Brown launches fightback ahead of British election

COVENTRY, England (Reuters) - British Prime Minister Gordon Brown promised on Saturday to heal the battered economy in a plea to voters to renew their faith in his Labour Party, which is forecast to lose a looming election.
Britain's Prime Minister Gordon Brown delivers a speech at the University of Warwick near Coventry in central England February 20, 2010. Brown pleaded with voters on Saturday to renew their faith in his Labour Party, which is forecast to lose a looming election, and promised to heal the battered economy. (REUTERS/Toby Melville)
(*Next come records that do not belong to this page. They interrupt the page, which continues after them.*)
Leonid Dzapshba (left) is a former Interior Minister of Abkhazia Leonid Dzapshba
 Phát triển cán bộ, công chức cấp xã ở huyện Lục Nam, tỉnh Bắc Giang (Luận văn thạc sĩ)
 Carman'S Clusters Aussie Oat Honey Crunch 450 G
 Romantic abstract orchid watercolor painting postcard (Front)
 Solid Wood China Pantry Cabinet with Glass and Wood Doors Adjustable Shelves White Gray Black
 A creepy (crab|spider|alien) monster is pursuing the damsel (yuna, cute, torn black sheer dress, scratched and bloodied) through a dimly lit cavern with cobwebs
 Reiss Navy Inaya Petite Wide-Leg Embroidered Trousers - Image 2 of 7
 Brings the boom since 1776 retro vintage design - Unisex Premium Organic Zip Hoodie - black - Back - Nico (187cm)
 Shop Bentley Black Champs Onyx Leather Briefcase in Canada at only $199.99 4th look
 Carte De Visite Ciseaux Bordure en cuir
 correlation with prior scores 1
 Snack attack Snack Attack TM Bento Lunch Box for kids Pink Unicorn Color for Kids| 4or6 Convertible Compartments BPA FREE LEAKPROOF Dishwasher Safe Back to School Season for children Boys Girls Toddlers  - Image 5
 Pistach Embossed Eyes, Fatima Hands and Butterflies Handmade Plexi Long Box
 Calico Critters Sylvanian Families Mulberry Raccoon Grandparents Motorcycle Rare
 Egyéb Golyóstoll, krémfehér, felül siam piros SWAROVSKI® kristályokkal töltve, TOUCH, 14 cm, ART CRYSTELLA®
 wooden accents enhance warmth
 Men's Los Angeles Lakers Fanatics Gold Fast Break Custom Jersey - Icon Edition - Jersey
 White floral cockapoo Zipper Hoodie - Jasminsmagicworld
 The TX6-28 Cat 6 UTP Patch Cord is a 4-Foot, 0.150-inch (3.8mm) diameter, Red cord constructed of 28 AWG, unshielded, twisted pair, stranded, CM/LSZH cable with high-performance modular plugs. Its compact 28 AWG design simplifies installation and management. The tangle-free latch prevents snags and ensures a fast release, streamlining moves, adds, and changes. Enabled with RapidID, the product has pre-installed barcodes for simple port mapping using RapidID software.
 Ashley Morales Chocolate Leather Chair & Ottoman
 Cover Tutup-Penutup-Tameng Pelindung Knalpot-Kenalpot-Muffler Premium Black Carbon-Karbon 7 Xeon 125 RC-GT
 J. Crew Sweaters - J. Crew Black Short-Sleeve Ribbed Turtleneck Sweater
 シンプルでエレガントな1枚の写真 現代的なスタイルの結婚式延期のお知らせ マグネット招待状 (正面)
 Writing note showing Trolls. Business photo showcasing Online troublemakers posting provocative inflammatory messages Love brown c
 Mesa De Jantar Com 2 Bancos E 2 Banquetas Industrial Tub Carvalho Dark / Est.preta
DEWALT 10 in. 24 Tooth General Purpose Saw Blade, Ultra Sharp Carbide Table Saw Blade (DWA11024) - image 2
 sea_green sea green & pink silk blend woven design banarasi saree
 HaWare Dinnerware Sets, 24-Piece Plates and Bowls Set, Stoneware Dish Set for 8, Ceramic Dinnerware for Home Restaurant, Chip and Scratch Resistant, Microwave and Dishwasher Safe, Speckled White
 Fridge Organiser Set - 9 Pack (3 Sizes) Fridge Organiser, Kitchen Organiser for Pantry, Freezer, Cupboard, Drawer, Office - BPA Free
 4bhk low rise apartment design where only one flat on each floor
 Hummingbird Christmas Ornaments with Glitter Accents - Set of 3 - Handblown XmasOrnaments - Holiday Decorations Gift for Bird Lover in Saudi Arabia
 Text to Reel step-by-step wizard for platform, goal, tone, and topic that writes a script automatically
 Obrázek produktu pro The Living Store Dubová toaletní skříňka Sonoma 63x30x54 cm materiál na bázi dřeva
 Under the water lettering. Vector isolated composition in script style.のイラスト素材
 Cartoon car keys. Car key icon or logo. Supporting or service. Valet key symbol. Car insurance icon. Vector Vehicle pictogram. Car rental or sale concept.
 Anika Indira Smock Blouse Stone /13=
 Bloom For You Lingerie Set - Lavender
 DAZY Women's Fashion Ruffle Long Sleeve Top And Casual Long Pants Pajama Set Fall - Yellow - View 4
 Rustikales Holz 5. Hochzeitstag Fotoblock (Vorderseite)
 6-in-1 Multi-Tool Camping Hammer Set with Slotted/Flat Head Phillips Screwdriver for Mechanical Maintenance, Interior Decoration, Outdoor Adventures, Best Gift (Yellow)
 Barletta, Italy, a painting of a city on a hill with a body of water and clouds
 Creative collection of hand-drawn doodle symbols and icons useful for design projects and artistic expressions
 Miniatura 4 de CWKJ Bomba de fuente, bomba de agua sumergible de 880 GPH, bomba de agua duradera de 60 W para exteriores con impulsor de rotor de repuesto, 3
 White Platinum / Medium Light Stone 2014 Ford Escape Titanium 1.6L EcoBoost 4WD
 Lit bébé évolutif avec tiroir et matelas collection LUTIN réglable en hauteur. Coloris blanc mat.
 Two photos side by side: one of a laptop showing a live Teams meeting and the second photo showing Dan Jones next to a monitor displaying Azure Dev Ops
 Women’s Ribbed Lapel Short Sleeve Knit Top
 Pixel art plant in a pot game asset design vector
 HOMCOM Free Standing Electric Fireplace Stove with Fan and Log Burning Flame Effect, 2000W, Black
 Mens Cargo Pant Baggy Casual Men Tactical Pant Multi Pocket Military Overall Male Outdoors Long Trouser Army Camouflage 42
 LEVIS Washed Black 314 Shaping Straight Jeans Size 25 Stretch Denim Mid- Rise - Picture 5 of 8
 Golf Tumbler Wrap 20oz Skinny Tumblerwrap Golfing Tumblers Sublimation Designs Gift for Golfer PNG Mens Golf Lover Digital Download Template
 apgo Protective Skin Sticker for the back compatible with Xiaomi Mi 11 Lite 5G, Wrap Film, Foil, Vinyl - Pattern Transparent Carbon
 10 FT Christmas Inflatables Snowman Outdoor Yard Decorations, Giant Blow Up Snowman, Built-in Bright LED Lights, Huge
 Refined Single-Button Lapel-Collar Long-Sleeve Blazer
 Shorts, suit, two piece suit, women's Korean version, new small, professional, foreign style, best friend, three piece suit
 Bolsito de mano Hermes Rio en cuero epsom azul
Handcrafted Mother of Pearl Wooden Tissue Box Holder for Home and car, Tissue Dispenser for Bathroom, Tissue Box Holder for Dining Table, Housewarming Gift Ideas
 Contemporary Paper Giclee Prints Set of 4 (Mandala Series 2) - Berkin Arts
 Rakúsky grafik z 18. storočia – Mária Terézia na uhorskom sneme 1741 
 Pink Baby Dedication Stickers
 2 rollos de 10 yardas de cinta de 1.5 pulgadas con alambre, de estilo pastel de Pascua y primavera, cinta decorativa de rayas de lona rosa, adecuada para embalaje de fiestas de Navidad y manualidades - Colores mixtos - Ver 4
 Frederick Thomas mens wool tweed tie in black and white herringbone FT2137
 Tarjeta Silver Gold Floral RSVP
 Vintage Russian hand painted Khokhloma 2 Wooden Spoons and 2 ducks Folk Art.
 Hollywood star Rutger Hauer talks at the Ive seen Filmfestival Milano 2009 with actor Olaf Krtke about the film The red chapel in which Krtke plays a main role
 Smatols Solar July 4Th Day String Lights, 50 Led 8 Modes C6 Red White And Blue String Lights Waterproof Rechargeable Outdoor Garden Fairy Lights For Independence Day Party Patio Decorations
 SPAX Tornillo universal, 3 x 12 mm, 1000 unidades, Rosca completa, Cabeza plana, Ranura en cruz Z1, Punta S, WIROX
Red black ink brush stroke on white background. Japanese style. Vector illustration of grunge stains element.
Launching a campaign push billed as "Operation Fightback" by his party headquarters, Brown sought to appeal to core Labour voters by portraying the opposition Conservatives as elitist.
"If you, like me, are from Britain's mainstream majority, from an ordinary family that wants to get on and not simply get by, then my message to you today is simple: take a second look at us, and take a long hard look at them," Brown said.
The Conservatives said 13 years of Labour rule was enough.
"He (Brown) asks Britain to take a second look at Labour when the public have been looking at them for 13 years and know they have failed," said George Osborne, who is expected to become finance minister if the Conservatives win.
Labour have won three elections since 1997 under the leadership of Brown's predecessor Tony Blair. Brown took over as prime minister when Blair stepped down in mid-term in 2007.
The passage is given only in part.